Module:Mand-translit

From Linguifex
Jump to navigation Jump to search

This module will transliterate text in the Mandaic script. The module should preferably not be called directly from templates or other modules.

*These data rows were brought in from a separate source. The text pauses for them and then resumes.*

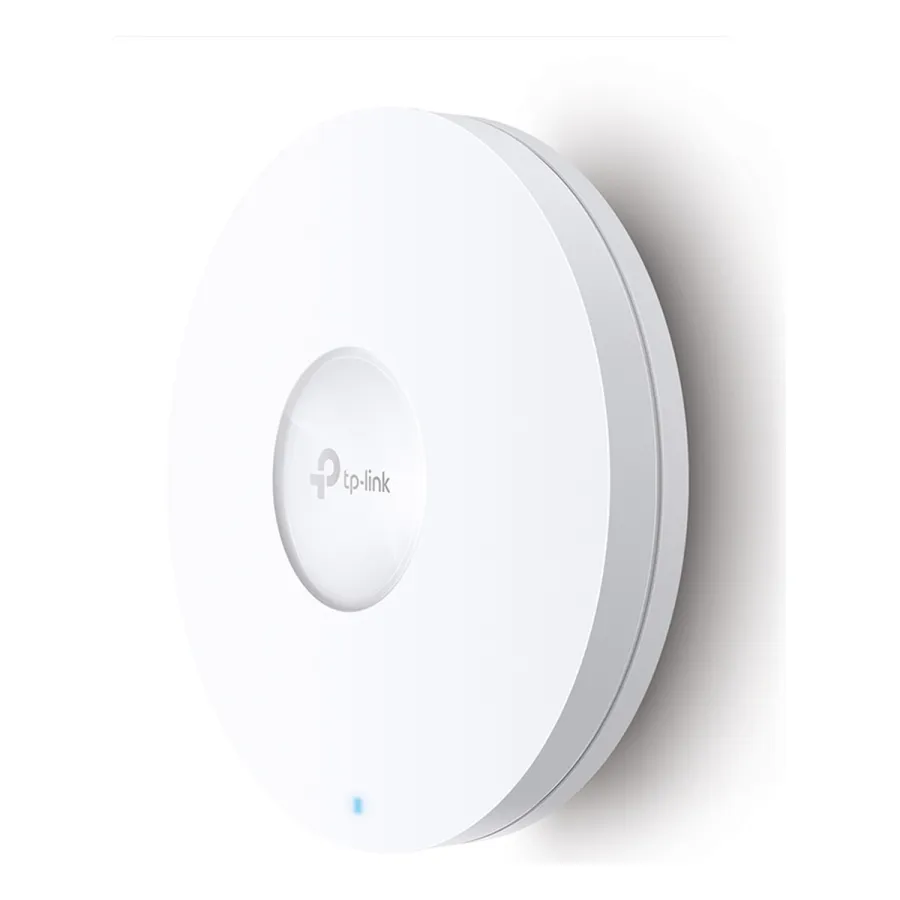 Wi-Fi точка доступа TP-Link EAP610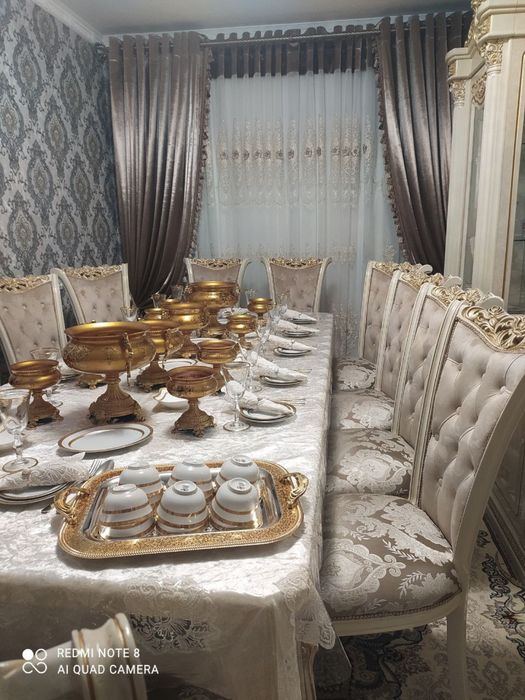 Срочно продается мебель!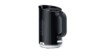 Braun WK 1100 BK Elkedel 1,7l 2200W Sort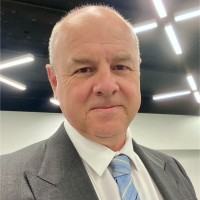 Michael Brooks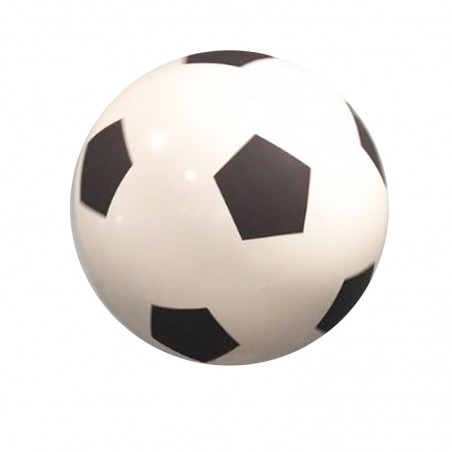 Lot de 10 Ballons de Foot...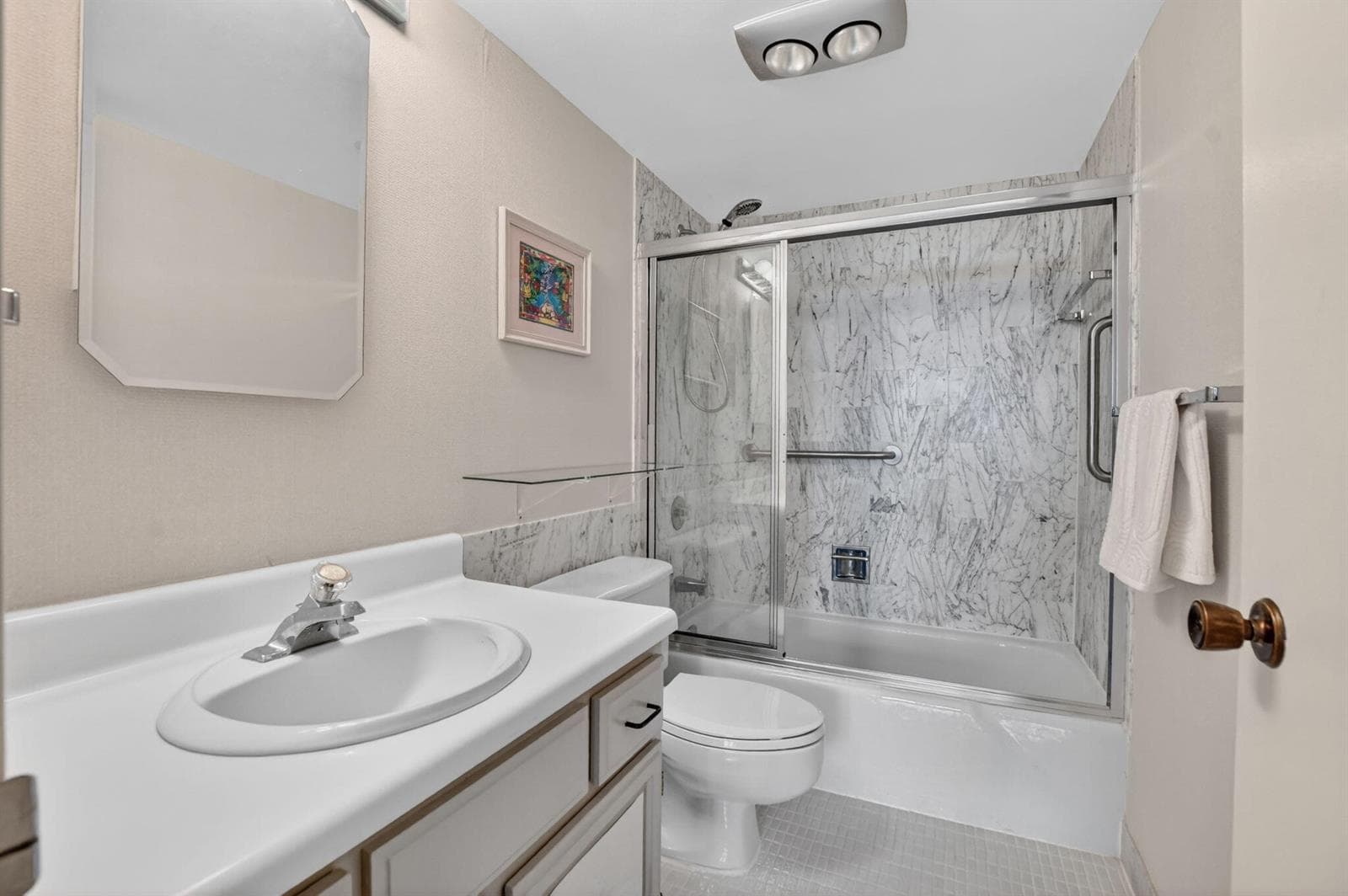 2121 N Ocean Boulevard 705w photo 23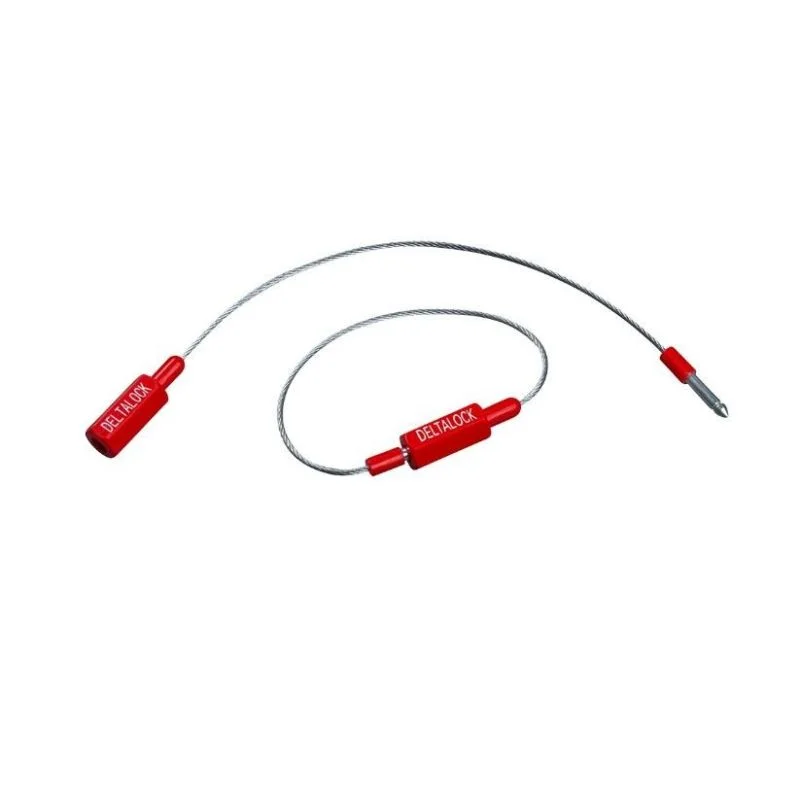 sasseil-33889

To use it from a template, use {{xlit}}. Within a module, use Module:languages#Language:transliterate.

For testcases, see Module:Mand-translit/testcases.

Functions

tr(text, lang, sc)
Transliterates a given piece of text written in the script specified by the code sc, and language specified by the code lang.
When the transliteration fails, returns nil.

-- Author: Saam-andar

local export = {}

local m_str_utils = require("Module:string utilities")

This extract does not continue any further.